What you will do ▸ Find the line containing "Tieberije 7 Gramsbergen thumbnail 9" in the material below, then please transcribe it and each line after it exactly, without the pictures.

----

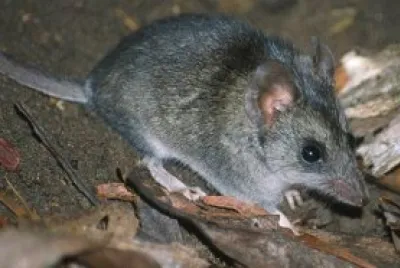 Kangaroo island dunnart jigsaw puzzle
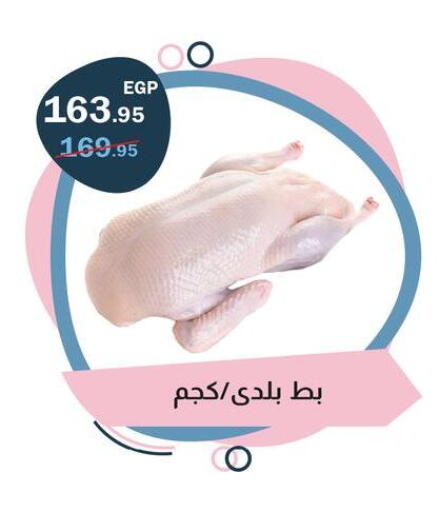 available at Flamingo Hyper Market in Egypt - Cairo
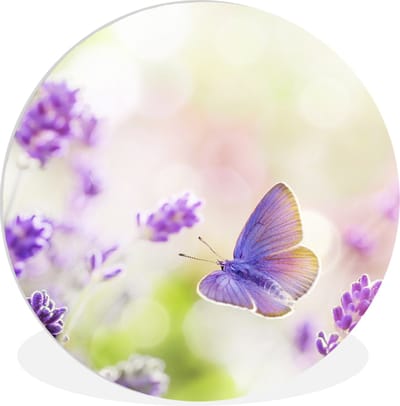 WallCircle - Wandcirkel 30x30 - Lavendel - Vlinder - Bloemen - Ronde schilderijen woonkamer - Wandbord rond - Muurdecoratie cirkel - Kamer decoratie binnen - Wanddecoratie muurcirkel - Woonaccessoires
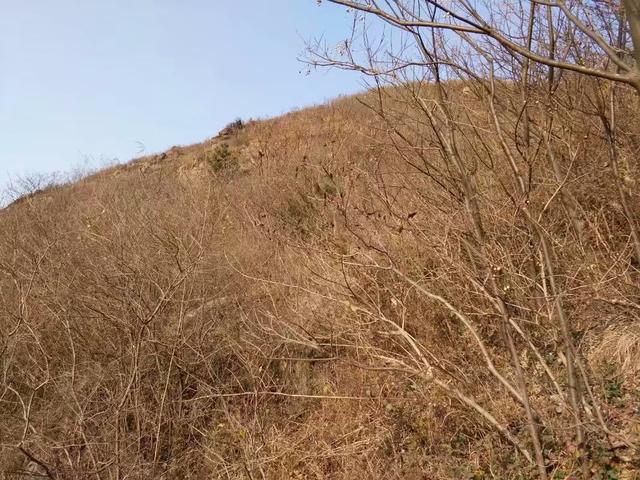 我住在山区，想建一个野生山鸡养殖场，不知道是否可行？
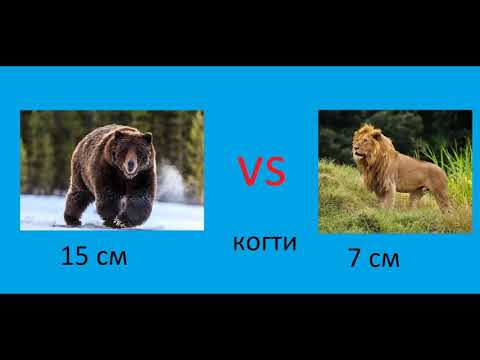 медведь гризли vs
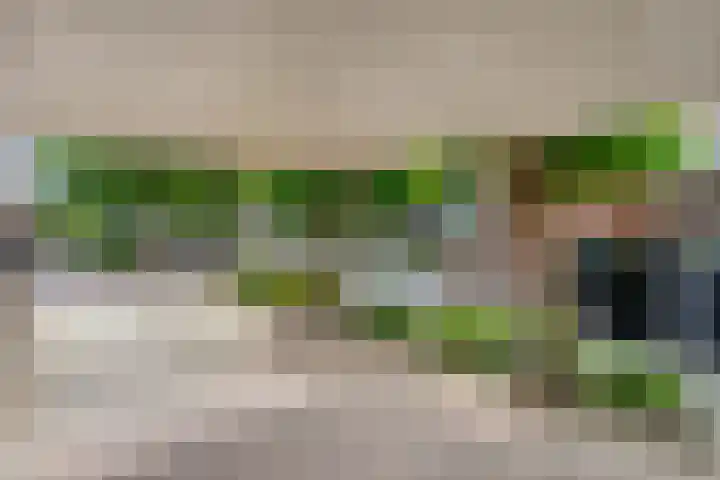 Tieberije 7 Gramsbergen thumbnail 9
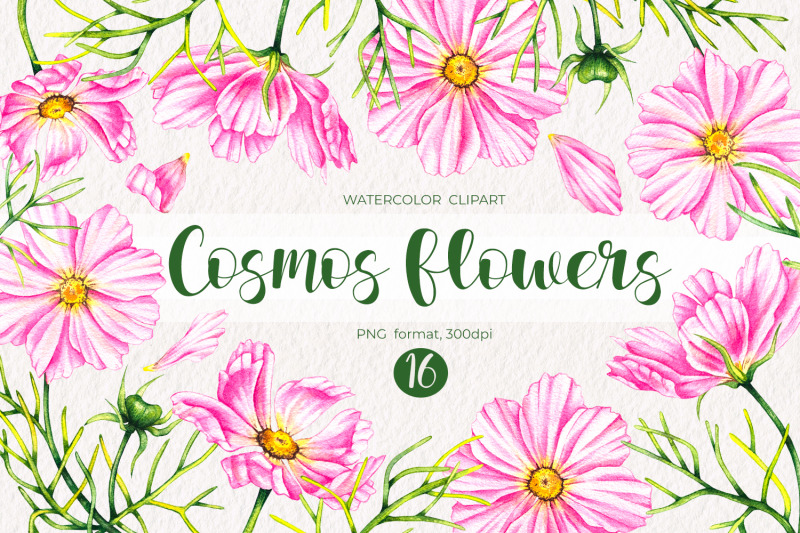 watercolor-cosmos-flowers-watercolor-clipart-png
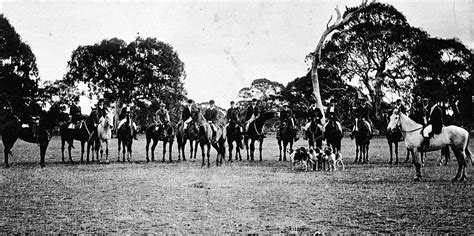 Negative - Coleraine District, Victoria, 1911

----

Answer to this exercise ▸
 Tieberije 7 Gramsbergen thumbnail 9
 watercolor-cosmos-flowers-watercolor-clipart-png
 Negative - Coleraine District, Victoria, 1911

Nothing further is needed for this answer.